In playing poker, the likelihood of being dealt a particular hand depends on the number of ways in which that hand could have been dealt from the 52-card deck. Find the number of ways each hand could be dealt.

Two pairs (one pair each of two different face values and a card of a third face value)

To find the number of ways a two pairs hand can be dealt in poker, we need to consider the following:

1. Choose the two face values for the pairs: Since there are 13 possible face values in a deck of cards, we can choose any two of them, giving us C(13, 2) combinations.

2. Choose the two suits for the first pair: Within each face value pair, there are four suits, and we need to choose two of them. This can be done in C(4, 2) ways.

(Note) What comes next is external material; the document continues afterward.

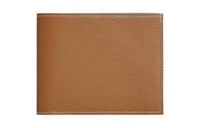 HERMES Citizen Twill Evercolor Leather Card Holder Women's Brown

3. Choose the two suits for the second pair: For the remaining face value pair, we again need to choose two out of the available four suits, which again can be done in C(4, 2) ways.

4. Choose the remaining card: Once the two pairs are determined, we have to choose any card from the remaining 44 cards (52 cards - 4 cards for the two pairs - 2 cards for the third face value pair).

To find the total number of ways, we need to multiply the results from steps 1 to 4:

Total number of ways = C(13, 2) * C(4, 2) * C(4, 2) * 44

Evaluating this expression will give us the total number of ways a two pairs hand can be dealt from a standard 52-card deck in poker.